# ASSIGNMENT:
Copy exactly the lines of the records below, and only those lines, beginning with the line that contains "Top 10 Nasi" and ending with the line that contains "Steel Internally Threaded".

RECORDS FOR THIS TASK Start Marker

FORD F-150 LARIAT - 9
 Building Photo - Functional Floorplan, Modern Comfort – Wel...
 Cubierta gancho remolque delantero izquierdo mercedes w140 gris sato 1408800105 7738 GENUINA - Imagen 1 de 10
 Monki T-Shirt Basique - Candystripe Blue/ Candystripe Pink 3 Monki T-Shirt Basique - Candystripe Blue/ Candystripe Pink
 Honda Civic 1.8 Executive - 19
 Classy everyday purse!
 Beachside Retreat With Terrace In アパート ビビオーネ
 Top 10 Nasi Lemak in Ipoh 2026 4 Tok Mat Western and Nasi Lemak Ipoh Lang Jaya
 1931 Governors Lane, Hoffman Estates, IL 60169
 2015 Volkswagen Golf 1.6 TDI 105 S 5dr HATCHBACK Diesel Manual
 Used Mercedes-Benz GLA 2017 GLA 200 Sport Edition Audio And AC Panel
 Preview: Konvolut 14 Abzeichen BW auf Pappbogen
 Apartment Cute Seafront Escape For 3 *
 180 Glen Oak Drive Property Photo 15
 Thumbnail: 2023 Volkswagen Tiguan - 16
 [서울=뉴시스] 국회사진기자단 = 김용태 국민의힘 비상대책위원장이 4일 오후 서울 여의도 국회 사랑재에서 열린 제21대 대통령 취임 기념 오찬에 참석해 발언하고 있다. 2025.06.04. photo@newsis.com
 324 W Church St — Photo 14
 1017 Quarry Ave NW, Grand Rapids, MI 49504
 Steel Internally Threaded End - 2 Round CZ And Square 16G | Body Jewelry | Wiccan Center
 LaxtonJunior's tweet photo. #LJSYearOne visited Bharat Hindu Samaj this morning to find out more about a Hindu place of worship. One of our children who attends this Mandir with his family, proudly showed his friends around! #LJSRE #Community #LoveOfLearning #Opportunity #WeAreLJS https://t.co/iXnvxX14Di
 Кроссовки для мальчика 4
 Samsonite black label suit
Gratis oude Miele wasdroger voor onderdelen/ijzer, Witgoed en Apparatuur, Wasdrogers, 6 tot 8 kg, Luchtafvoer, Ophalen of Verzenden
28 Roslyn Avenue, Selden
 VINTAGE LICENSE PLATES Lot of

RECORDS FOR THIS TASK End Marker

# FINISHED EXERCISE:
 Top 10 Nasi Lemak in Ipoh 2026 4 Tok Mat Western and Nasi Lemak Ipoh Lang Jaya
 1931 Governors Lane, Hoffman Estates, IL 60169
 2015 Volkswagen Golf 1.6 TDI 105 S 5dr HATCHBACK Diesel Manual
 Used Mercedes-Benz GLA 2017 GLA 200 Sport Edition Audio And AC Panel
 Preview: Konvolut 14 Abzeichen BW auf Pappbogen
 Apartment Cute Seafront Escape For 3 *
 180 Glen Oak Drive Property Photo 15
 Thumbnail: 2023 Volkswagen Tiguan - 16
 [서울=뉴시스] 국회사진기자단 = 김용태 국민의힘 비상대책위원장이 4일 오후 서울 여의도 국회 사랑재에서 열린 제21대 대통령 취임 기념 오찬에 참석해 발언하고 있다. 2025.06.04. photo@newsis.com
 324 W Church St — Photo 14
 1017 Quarry Ave NW, Grand Rapids, MI 49504
 Steel Internally Threaded End - 2 Round CZ And Square 16G | Body Jewelry | Wiccan Center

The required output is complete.